Your instructions:
Set each entry down verbatim, omitting images.

Provided material:
• • • • • • •
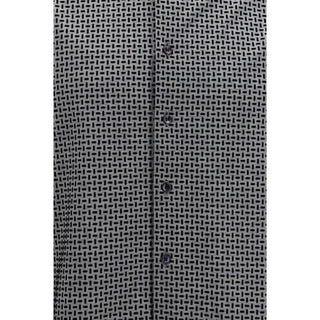 Giorgio Armani Gray Cotton Pattern Shirt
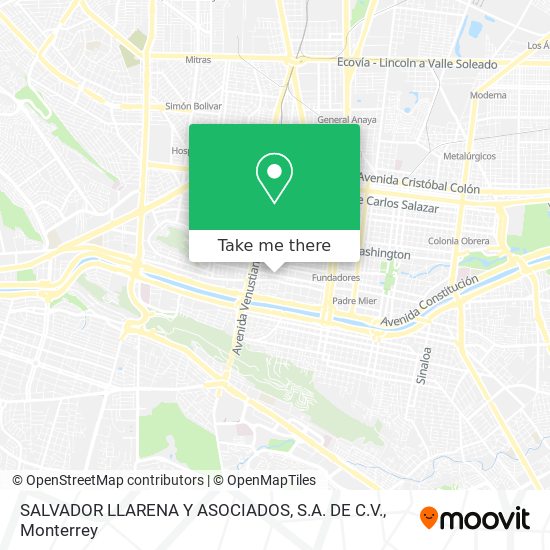 Mapa de SALVADOR LLARENA Y ASOCIADOS, S.A. DE C.V.
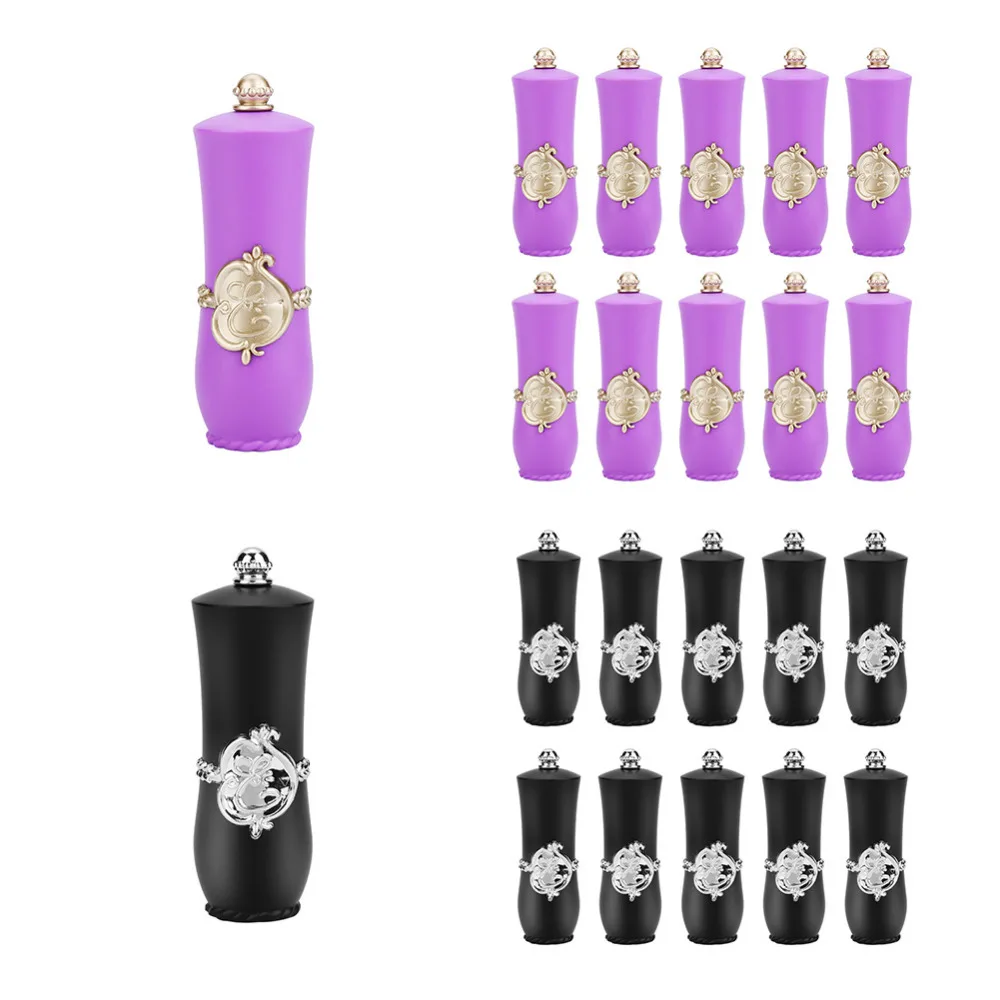 

genuine 10pcs DIY royal style lipstick empty containers exquisite homemade washable lipstick molds fashionable lip balm tubes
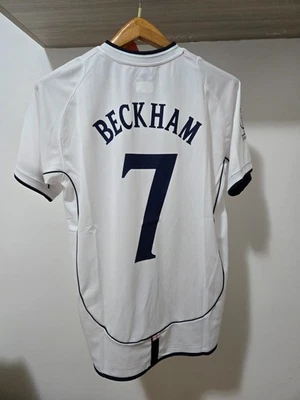 Maglia Beckham Inghilterra Mondiale 2002 Home Taglia L - Photo 1/4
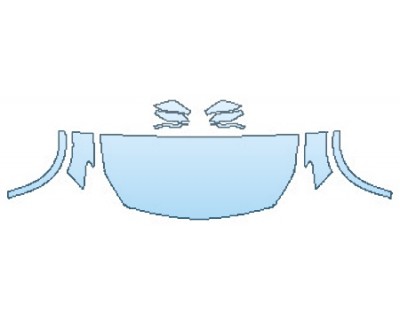 PAINT PROTECTION KIT - 2017 INFINITI QX30 BASE HOOD(30 INCH WRAPPED EDGES) FENDERS MIRRORS - PRECUT PPF CLEAR BRA WRAP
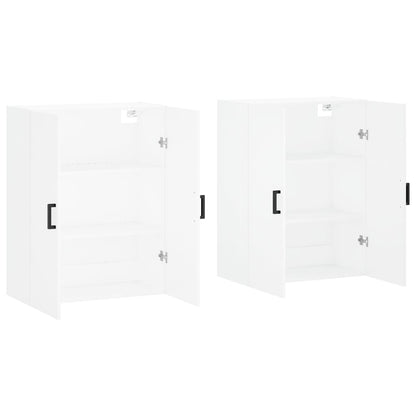 Hangkasten 2 st 69,5x34x90 cm wit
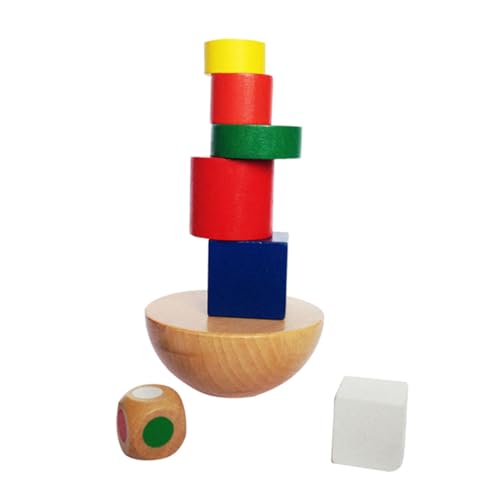 TOYANDONA Balance-Spiele-spielset Spielzeuge Holzbausteine Bambus von TOYANDONA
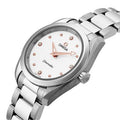 Omega Seamaster Aqua Terra Quartz Diamond Silver Dial Silver Steel Strap Watch for Women - 220.10.28.60.54.001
• • • • • • •
Task solution:
 Giorgio Armani Gray Cotton Pattern Shirt
 Mapa de SALVADOR LLARENA Y ASOCIADOS, S.A. DE C.V.

genuine 10pcs DIY royal style lipstick empty containers exquisite homemade washable lipstick molds fashionable lip balm tubes
 Maglia Beckham Inghilterra Mondiale 2002 Home Taglia L - Photo 1/4
 PAINT PROTECTION KIT - 2017 INFINITI QX30 BASE HOOD(30 INCH WRAPPED EDGES) FENDERS MIRRORS - PRECUT PPF CLEAR BRA WRAP
 Hangkasten 2 st 69,5x34x90 cm wit
 TOYANDONA Balance-Spiele-spielset Spielzeuge Holzbausteine Bambus von TOYANDONA
 Omega Seamaster Aqua Terra Quartz Diamond Silver Dial Silver Steel Strap Watch for Women - 220.10.28.60.54.001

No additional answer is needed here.